Said PP composition also comprises at least one additive. Said PP composition comprises from 0% to 6% additive, more preferably from 0% to 3% additive, by weight of the final composition. Additives may be selected from the group consisting of: impact modifiers; dispersants; fillers; filler coatings; foaming agents; processing agents; lubricants; particles; dyes and colorants; UV filters; anti-static agents; and mixtures thereof. When particles are used as additives, said particles are different from particulate CaCO₃ as defined above. Additives used in the PP composition according to the present invention are conventional additives i.e. present in a conventional PP carrier mix.
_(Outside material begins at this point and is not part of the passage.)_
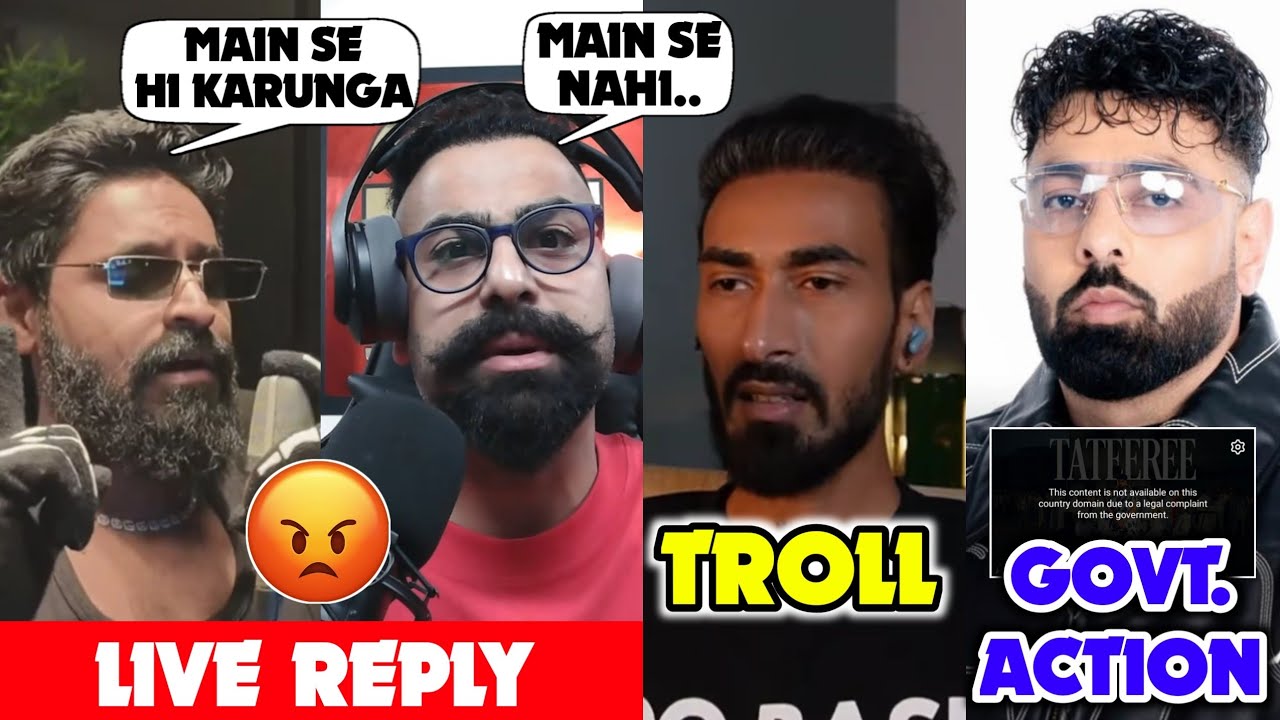 EMIWAY LIVE ANGRY REPLY | BALI REPLY  & TROLL MUHFAAD | BADSHAH TATEEREE SONG REMOVED BY GOVERNMENT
Particles may be used e.g. Expancel® microspheres from Akzo Nobel, Essen, Germany, and/or foaming agents e.g. Hydrocerol® from Clariant, Frankfurt-Höchst, Germany. Furthermore, different fillers may be utilised in addition to CaCO₃, for example kaolin, carbon black, mica, silica, diatomite, nano-particle clays, cellulose fibre, wood fibre, powdrous wood or china grass, rice spelt, starch and talc. With the addition of such additives the process may achieve further benefits such as increased displacement of PP resin, increased cycle time reduction, no yellowing side effects, and better part integrity.

According to the present invention the PP composition preferably exhibits a reduced specific heat capacity reduced compared to a reference PP composition substantially free of CaCO₃. The specific heat capacity of a material can be measured by modulated temperature differential scanning calorimetry, e.g. ASTM WK 12876. ATSM stands for American Society for Testing and Materials, which is now known as ATSM International.
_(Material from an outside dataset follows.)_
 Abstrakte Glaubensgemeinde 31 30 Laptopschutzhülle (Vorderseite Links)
Also preferably, the PP composition exhibits an increased thermal conductivity compared to reference PP composition substantially free of CaCO₃. Thermal conductivity can be measured by e.g. ASTM Standard D5930-01, a standard test method for thermal conductivity of plastics by means of a transient line-source technique.

Typical density, thermal conductivity and heat capacity values for PP and calcite (CaCO₃) are shown in Table I below.

	TABLE I
	Polypropylene	Calcite
	Density (g · cm−3)	0.92	2.7
	Heat conductivity	0.1-0.22	1.5-4
	(W · m−1 · K−1)
	Heat capacity (J · K−1 · kg−1)	1700-1900	700-900

Also preferably, the PP composition in its solid form and with wall thickness T has a flexural modulus, measured according to ASTM D6272, has at least 95% of the flexural modulus measured on a reference composition substantially free of CaCO₃ and having wall thickness of at least T+10%. The flexural modulus can be measured using ASTM D790-07, which is a standard test method for flexural properties of unreinforced and reinforced plastics and electrical insulating materials by three-point bending. In an embodiment, the PP composition in its solid form has a compression stability, measured according to ASTM D2659, of at least 10% higher than compression stability of a reference composition substantially free of CaCO₃. The compression stability can be measured using ASTM D2659, which is a standard test method for column crush properties of blown thermoplastic containers.
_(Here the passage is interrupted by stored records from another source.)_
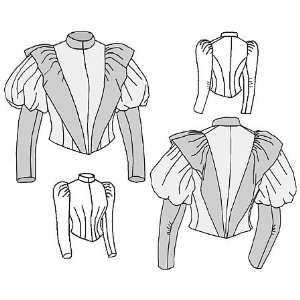  1896 Plain Bodice Pattern 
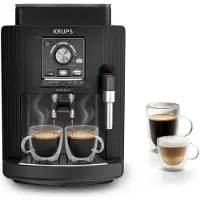 Krups EA4008, Espressomaschine, 2 l, Kaffeebohnen, Eingebautes Mahlwerk, 1450 W, Schwarz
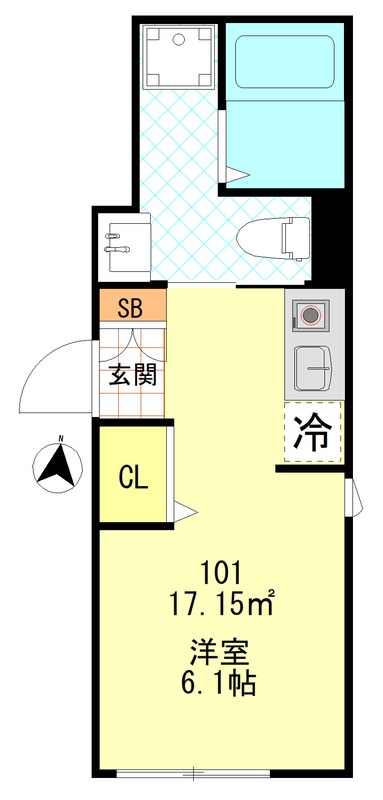 FERIO三河島 間取り図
PP items are commonly desired to be recycled. A typical method of recycling such items involves shredding and subsequent floatation sorting via density relative to water. PP floats in water whereas some other plastics sink. Preferably, the PP composition according to the present invention still exhibits a density such that it floats in water, which allows normal bottle sorting to occur i.e. it does not require different, and hence undesirable, recycling methods, compared to PP without CaCO₃.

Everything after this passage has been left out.